------ Data provided
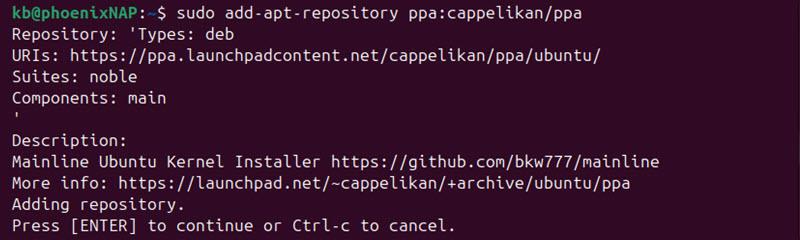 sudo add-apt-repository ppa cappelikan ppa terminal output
------------
------ Data provided
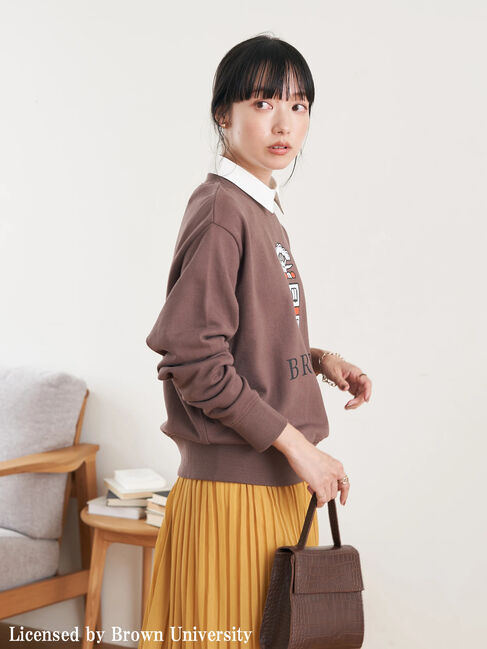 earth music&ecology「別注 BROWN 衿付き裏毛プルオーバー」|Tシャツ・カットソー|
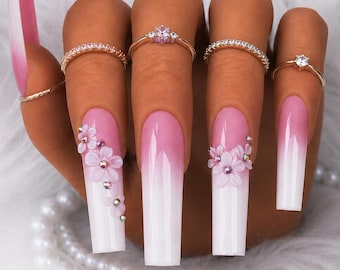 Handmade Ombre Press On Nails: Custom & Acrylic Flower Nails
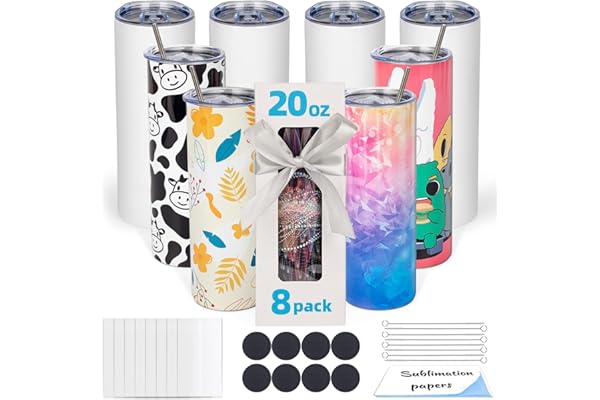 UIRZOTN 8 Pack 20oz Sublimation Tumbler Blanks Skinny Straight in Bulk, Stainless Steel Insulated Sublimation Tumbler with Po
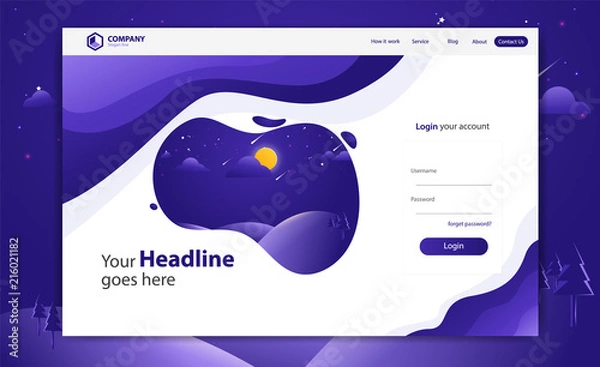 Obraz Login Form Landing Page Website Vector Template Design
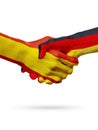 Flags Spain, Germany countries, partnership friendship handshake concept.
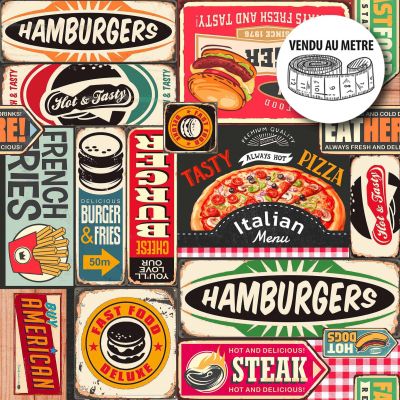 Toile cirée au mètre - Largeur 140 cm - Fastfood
------------
------ Data provided
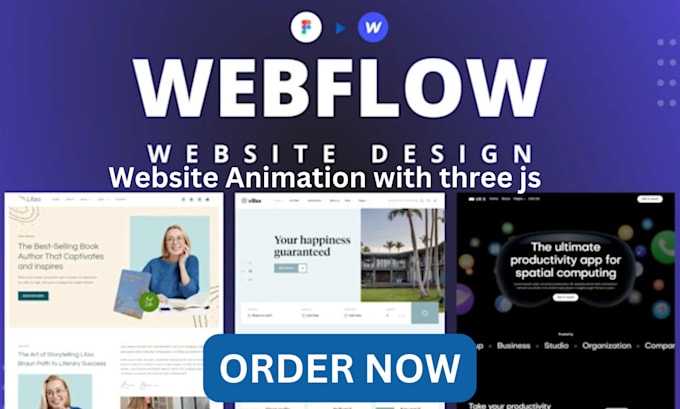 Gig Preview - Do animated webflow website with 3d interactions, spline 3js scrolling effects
------------
▶ Exercise requirements
In the listing above, the required lines run from the line with "Flags Spain, Germany" through the line with "Toile cirée au". Output exactly those lines, omitting pictures.

▶ Result
 Flags Spain, Germany countries, partnership friendship handshake concept.
 Toile cirée au mètre - Largeur 140 cm - Fastfood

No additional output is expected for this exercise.